What is being asked:
This exercise requires every record to be repeated exactly.

[Scraped caption text data]
= = =
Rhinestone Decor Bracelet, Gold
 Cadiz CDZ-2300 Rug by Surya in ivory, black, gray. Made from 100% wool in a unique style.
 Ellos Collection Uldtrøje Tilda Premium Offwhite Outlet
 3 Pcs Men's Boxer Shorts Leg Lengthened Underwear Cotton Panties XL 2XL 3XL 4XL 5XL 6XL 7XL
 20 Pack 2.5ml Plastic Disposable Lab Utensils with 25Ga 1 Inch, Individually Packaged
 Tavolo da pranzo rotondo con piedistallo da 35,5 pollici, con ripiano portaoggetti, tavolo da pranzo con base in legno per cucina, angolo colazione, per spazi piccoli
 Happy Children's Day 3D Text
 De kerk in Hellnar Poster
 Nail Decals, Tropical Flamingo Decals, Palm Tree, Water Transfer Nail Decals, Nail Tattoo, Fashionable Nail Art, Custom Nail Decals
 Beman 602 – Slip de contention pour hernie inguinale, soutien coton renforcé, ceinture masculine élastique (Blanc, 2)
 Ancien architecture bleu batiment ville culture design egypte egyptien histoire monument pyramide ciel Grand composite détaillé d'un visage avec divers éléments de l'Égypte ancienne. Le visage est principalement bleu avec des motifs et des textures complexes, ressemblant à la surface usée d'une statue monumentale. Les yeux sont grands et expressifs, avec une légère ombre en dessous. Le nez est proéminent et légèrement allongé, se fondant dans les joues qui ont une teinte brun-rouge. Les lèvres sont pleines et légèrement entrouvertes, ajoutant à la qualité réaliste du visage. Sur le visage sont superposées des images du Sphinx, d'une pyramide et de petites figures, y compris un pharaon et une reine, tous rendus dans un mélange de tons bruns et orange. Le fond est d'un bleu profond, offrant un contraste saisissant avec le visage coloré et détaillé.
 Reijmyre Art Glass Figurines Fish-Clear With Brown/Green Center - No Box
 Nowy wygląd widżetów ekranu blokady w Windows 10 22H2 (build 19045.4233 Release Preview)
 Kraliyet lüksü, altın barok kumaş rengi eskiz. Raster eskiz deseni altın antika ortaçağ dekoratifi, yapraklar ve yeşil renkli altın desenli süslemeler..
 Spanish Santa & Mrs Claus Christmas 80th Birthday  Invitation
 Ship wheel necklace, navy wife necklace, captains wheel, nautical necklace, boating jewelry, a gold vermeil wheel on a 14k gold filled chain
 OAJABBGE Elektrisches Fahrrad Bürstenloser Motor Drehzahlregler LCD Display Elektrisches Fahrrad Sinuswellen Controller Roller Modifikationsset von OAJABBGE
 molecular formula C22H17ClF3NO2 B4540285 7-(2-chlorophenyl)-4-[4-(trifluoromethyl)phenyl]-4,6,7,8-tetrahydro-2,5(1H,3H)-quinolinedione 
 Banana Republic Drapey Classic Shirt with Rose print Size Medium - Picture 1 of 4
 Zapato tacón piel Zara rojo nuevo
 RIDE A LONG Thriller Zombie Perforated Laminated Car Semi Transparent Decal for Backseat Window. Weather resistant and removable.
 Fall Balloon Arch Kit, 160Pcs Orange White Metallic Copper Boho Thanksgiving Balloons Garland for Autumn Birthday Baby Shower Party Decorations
= = =
Solved problem:
Rhinestone Decor Bracelet, Gold
 Cadiz CDZ-2300 Rug by Surya in ivory, black, gray. Made from 100% wool in a unique style.
 Ellos Collection Uldtrøje Tilda Premium Offwhite Outlet
 3 Pcs Men's Boxer Shorts Leg Lengthened Underwear Cotton Panties XL 2XL 3XL 4XL 5XL 6XL 7XL
 20 Pack 2.5ml Plastic Disposable Lab Utensils with 25Ga 1 Inch, Individually Packaged
 Tavolo da pranzo rotondo con piedistallo da 35,5 pollici, con ripiano portaoggetti, tavolo da pranzo con base in legno per cucina, angolo colazione, per spazi piccoli
 Happy Children's Day 3D Text
 De kerk in Hellnar Poster
 Nail Decals, Tropical Flamingo Decals, Palm Tree, Water Transfer Nail Decals, Nail Tattoo, Fashionable Nail Art, Custom Nail Decals
 Beman 602 – Slip de contention pour hernie inguinale, soutien coton renforcé, ceinture masculine élastique (Blanc, 2)
 Ancien architecture bleu batiment ville culture design egypte egyptien histoire monument pyramide ciel Grand composite détaillé d'un visage avec divers éléments de l'Égypte ancienne. Le visage est principalement bleu avec des motifs et des textures complexes, ressemblant à la surface usée d'une statue monumentale. Les yeux sont grands et expressifs, avec une légère ombre en dessous. Le nez est proéminent et légèrement allongé, se fondant dans les joues qui ont une teinte brun-rouge. Les lèvres sont pleines et légèrement entrouvertes, ajoutant à la qualité réaliste du visage. Sur le visage sont superposées des images du Sphinx, d'une pyramide et de petites figures, y compris un pharaon et une reine, tous rendus dans un mélange de tons bruns et orange. Le fond est d'un bleu profond, offrant un contraste saisissant avec le visage coloré et détaillé.
 Reijmyre Art Glass Figurines Fish-Clear With Brown/Green Center - No Box
 Nowy wygląd widżetów ekranu blokady w Windows 10 22H2 (build 19045.4233 Release Preview)
 Kraliyet lüksü, altın barok kumaş rengi eskiz. Raster eskiz deseni altın antika ortaçağ dekoratifi, yapraklar ve yeşil renkli altın desenli süslemeler..
 Spanish Santa & Mrs Claus Christmas 80th Birthday  Invitation
 Ship wheel necklace, navy wife necklace, captains wheel, nautical necklace, boating jewelry, a gold vermeil wheel on a 14k gold filled chain
 OAJABBGE Elektrisches Fahrrad Bürstenloser Motor Drehzahlregler LCD Display Elektrisches Fahrrad Sinuswellen Controller Roller Modifikationsset von OAJABBGE
 molecular formula C22H17ClF3NO2 B4540285 7-(2-chlorophenyl)-4-[4-(trifluoromethyl)phenyl]-4,6,7,8-tetrahydro-2,5(1H,3H)-quinolinedione 
 Banana Republic Drapey Classic Shirt with Rose print Size Medium - Picture 1 of 4
 Zapato tacón piel Zara rojo nuevo
 RIDE A LONG Thriller Zombie Perforated Laminated Car Semi Transparent Decal for Backseat Window. Weather resistant and removable.
 Fall Balloon Arch Kit, 160Pcs Orange White Metallic Copper Boho Thanksgiving Balloons Garland for Autumn Birthday Baby Shower Party Decorations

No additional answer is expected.